From: Paul E. McKenney
> Sent: 03 June 2019 09:42
...
> On kissing the kernel goodbye, a reasonable strategy might be to
> identify the transformations that are actually occuring (like the
> stores of certain constants called out above) and fix those.

> We do
> occasionally use READ_ONCE() to prevent load-fusing optimizations that
> would otherwise cause the compiler to turn while-loops into if-statements
> guarding infinite loops.

In that case the variable ought to be volatile...

> There is also the possibility of having the
> compiler guys give us more command-line arguments.

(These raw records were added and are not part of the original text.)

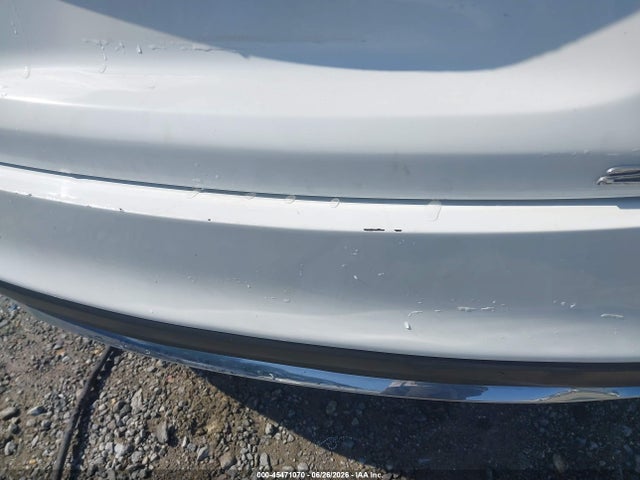 45471070 :رقم المزاد ، 1C3CCCAB9HN501641 vin ، 2017 Chrysler 200 Limited Platinum مزاد بيع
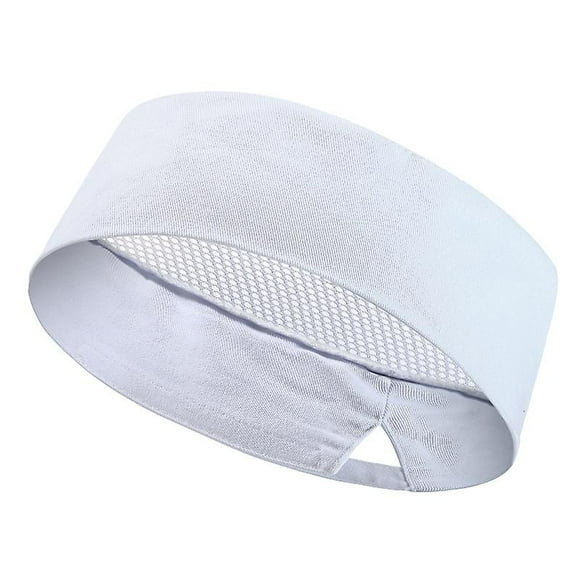 3 Pices Chapeau Toque De Chef Hat Cuisine Service Alimentaire Chapeau Avec Elastique Taille Unique Blanc
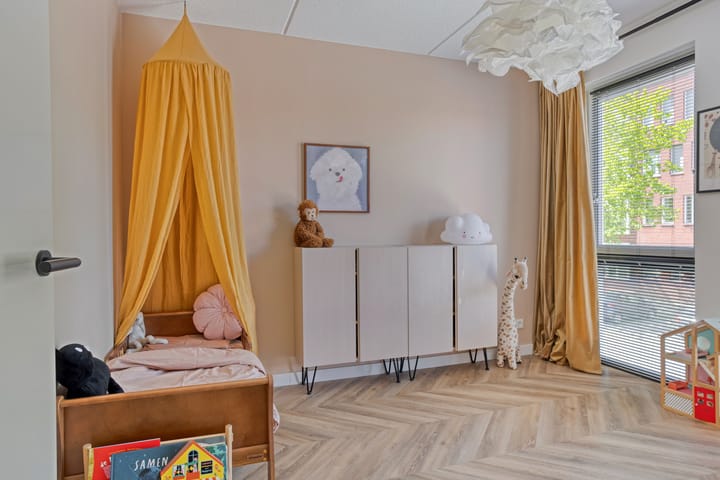 Foto 23 van Getfertweg 223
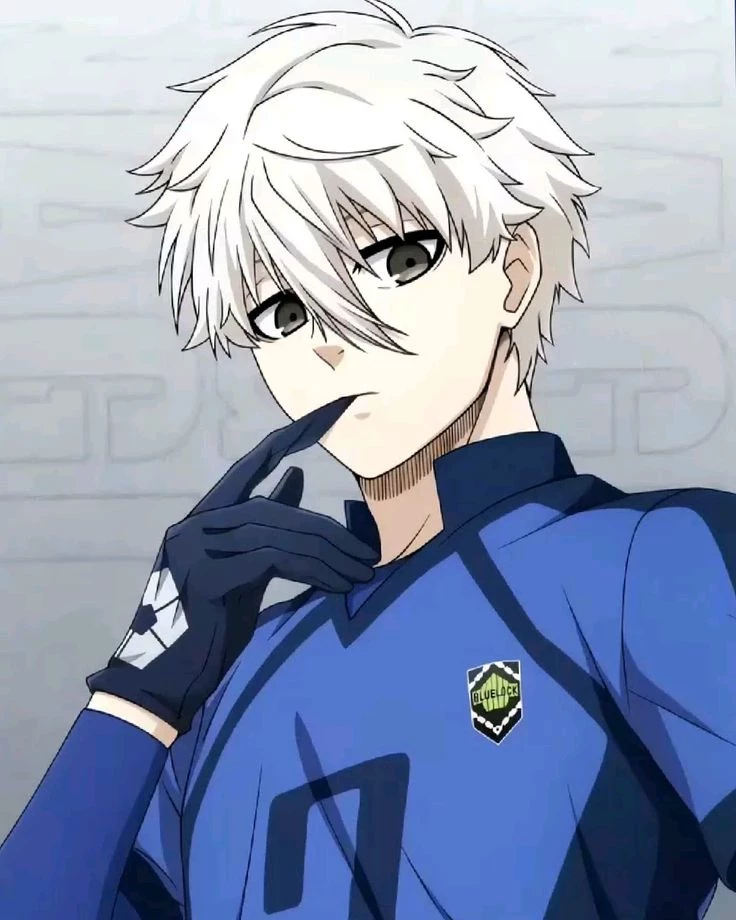 Sheishiro Nagi thumbnail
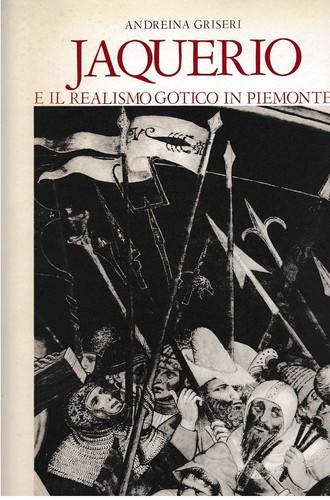 Libro griseri andreina - libro,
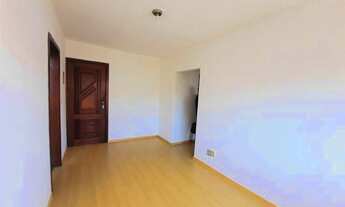 Imagem 3: Porto Alegre - Apartamento Padrão - Cristal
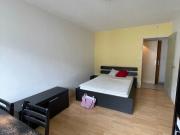 Appartement meublé 1 pièce 28 m²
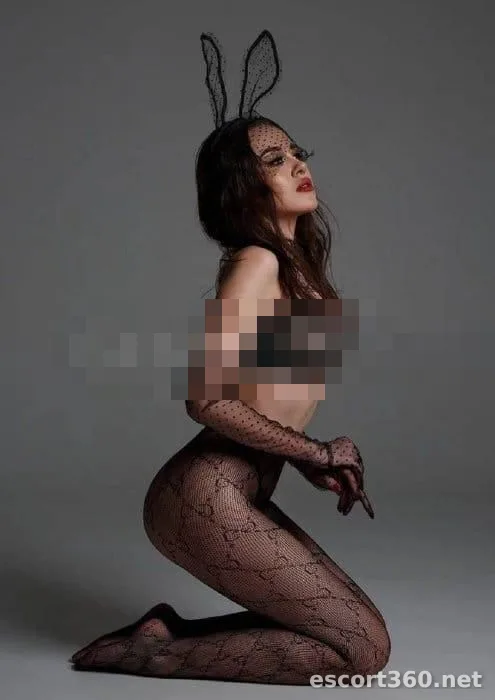 1 of 1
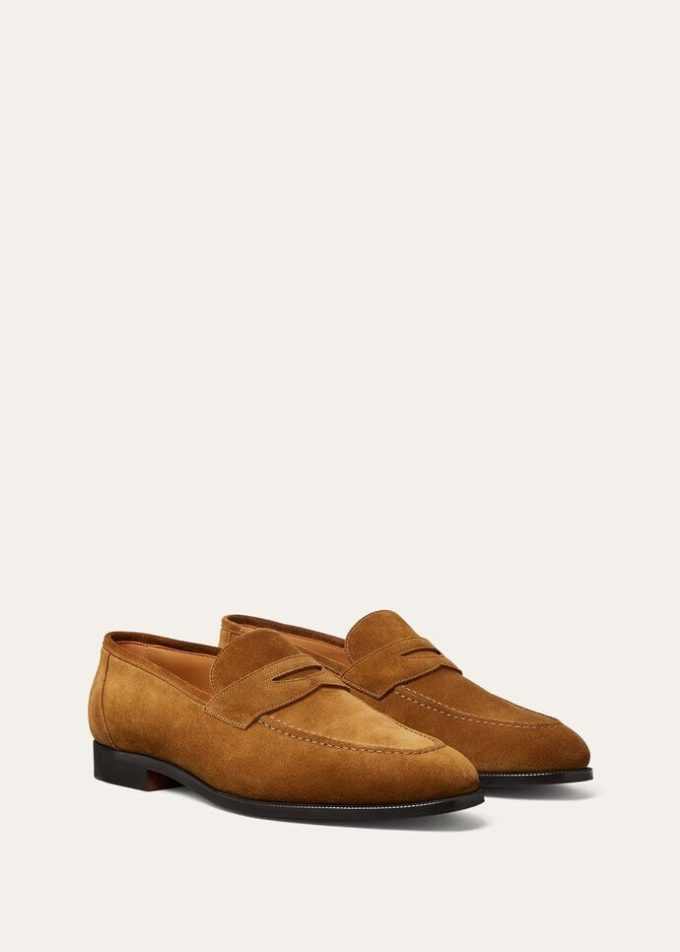 Sergio Loafer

I wonder how much the code size (of anything) would increase
if the compiler:
1) Never read a value into a local more than once.
2) Never write a value that wasn't requested by the code.
3) Never used multiple memory accesses for 'machine word' (and
smaller) items.

(1) makes all reads READ_ONCE() except that the actual read
can be delayed until further down the code.
If I have a naive #define bswap32() I'd expect:
v = bswap32(foo->bar)
to possibly read foo->bar multiple times, but not:
int foo_bar = foo->bar;
v = bswap32(foo_bar);

(2) makes all writes WRITE_ONCE() except that if there are
multiple writes to the same location, only the last need
be done.
In particular it stops speculative writes and the use of
locations that are going to be written to as temporaries.
It also stop foo->bar = ~0; being implemented as a clear
then decrement.

(3) I'd never imagined the compiler would write the two halves
of a word separately!

If the compiler behaved like that (as one might expect it would)
then READ_ONCE() would be a READ_NOW() for when the sequencing
mattered.

I was also recently surprised by the code I got from this loop:
for (i = 0; i < limit; i++)
sum64 += array32[i];
(as in the IP checksum sum without add carry support).
The compiler unrolled it to used horrid sequences of sse3/avx
instructions.
This might be a gain for large enough buffers and 'hot cache'
but for small buffer and likely cold cache it is horrid.
I guess such optimisations are valid, but I wonder how often
they are an actual win for real programs.